EEG pattern of encephalopathy
▪ Alpha rhythm slowing → theta slowing → delta slowing → loss of alpha rhythm → loss of normal faster activity → loss/attenuation of sleep architectures, abnormal arousal patterns and presence of frontal intermittent rhythmic delta activity (FIRDA) → loss of normal variability and state changes → loss of reactivity to external stimuli, burst-suppression (B-S) → electrocerebral inactivity (ECI).
Generalized Periodic Epileptiform Discharges (GPEDs)
Periodic Lateralized Epileptiform Discharges (PLEDs)
Normal or Near-Normal EEG
Diffuse polymorphic delta slowing (delta coma)
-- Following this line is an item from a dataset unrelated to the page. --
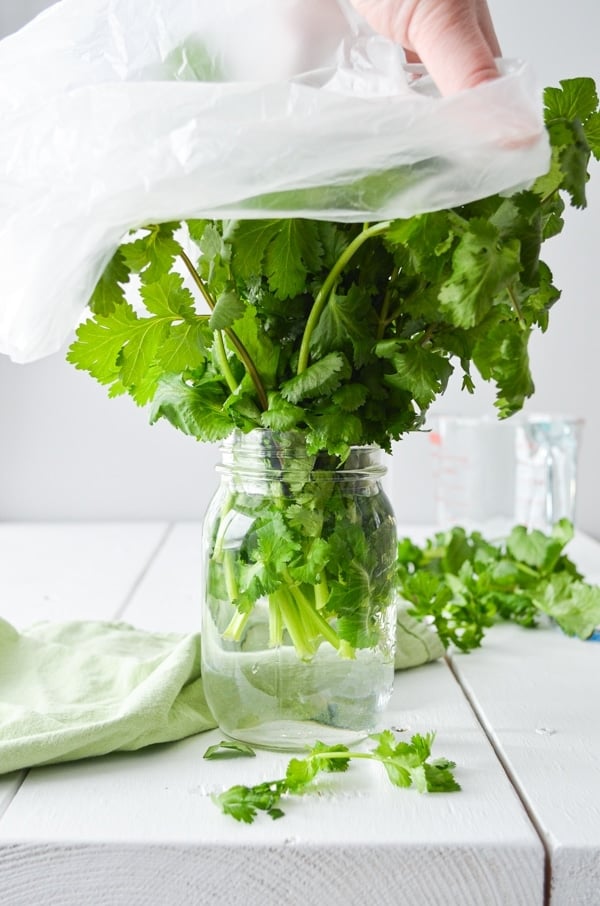 A glass jar of water, with a bunch of cilantro standing inside. A grocery produce bag slowly being placed on it.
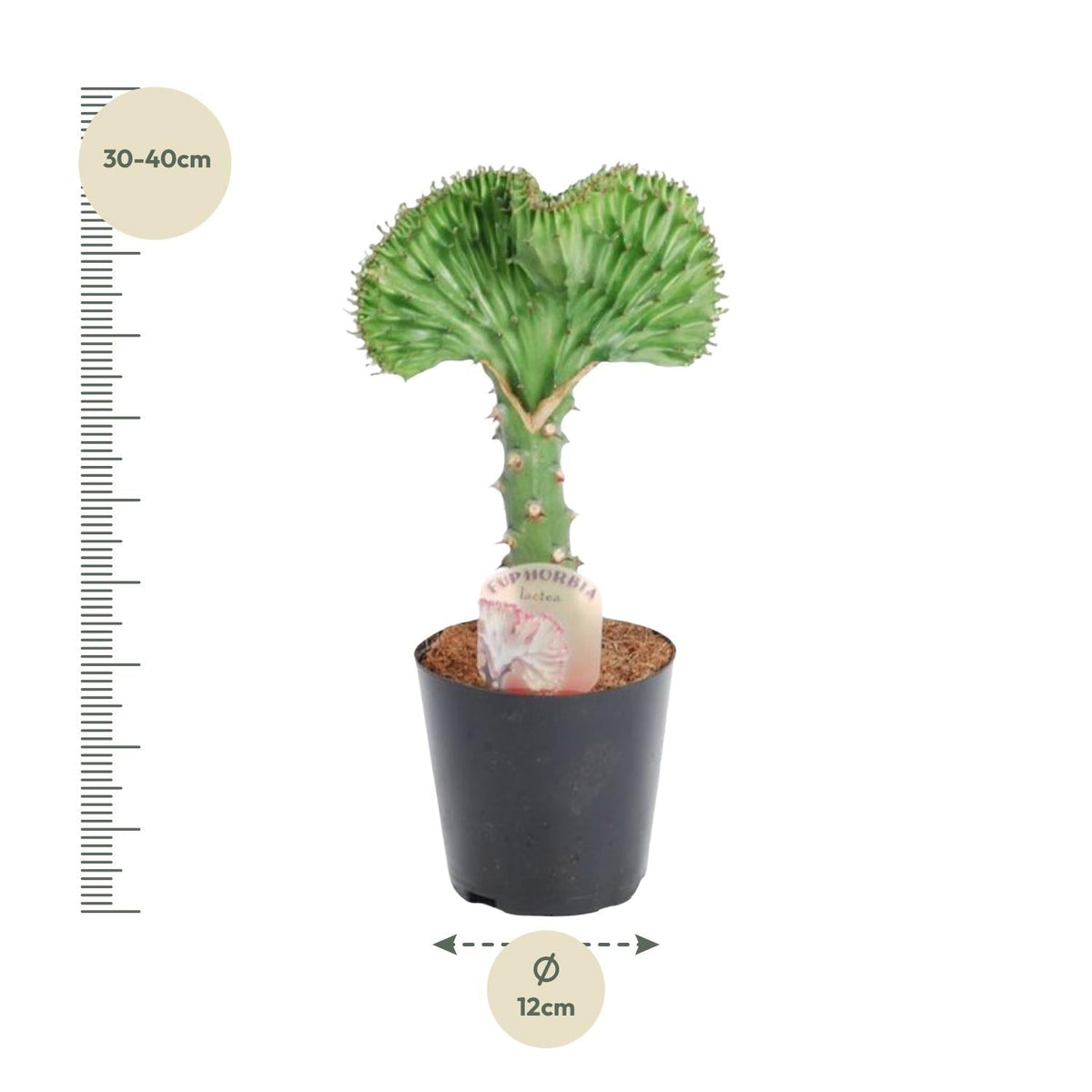 Euphorbia lactea Cristata groen - 35 cm - Forestbloom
Posterior Reversible Encephalopathy Syndrome (PRES); Diffuse Polymorphic Delta Activity with Posterior Predominance. A 10-year-old girl with microscopic polyangiitis and chronic renal failure developed visual hallucinations, lethargy, and new-onset seizures. She was on cyclophosphamide. After the visual hallucination, she was found to have elevation of her blood pressure. EEG shows continuously diffuse polymorphic delta activity (PDA) with occipital predominance. Head CT and MRI show diffuse white matter involvement, maximally expressed in the watershed areas in the two hemispheres. The patient recovered after cyclophosphamide was stopped, and the blood pressure was well controlled.
Diffuse slowing is the most common finding on the EEGs in posterior reversible leukoencephalopathy syndrome (PRES).1 The delta coma EEG pattern is usually seen with more advanced states of encephalopathy and coma. With progression to deeper stages of coma, it appears diffuse and is usually unreactive. Polymorphic delta comas are due to structural abnormalities involving subcortical white matter or profound metabolic coma.2–4
Posterior-predominant delta activity in this case is probably due to the predominant involvement of posterior head region in PRES.
Posterior Reversible Encephalopathy Syndrome (PRES); Occipital Lobe Seizure. (Same patient as in Figure 6-1) The patient developed a new-onset seizure described as head and eyes deviating to the right side, associated with unconsciousness lasting for approximately 3 minutes. EEG shows ictal activity arising from the left occipital lobe during the seizure.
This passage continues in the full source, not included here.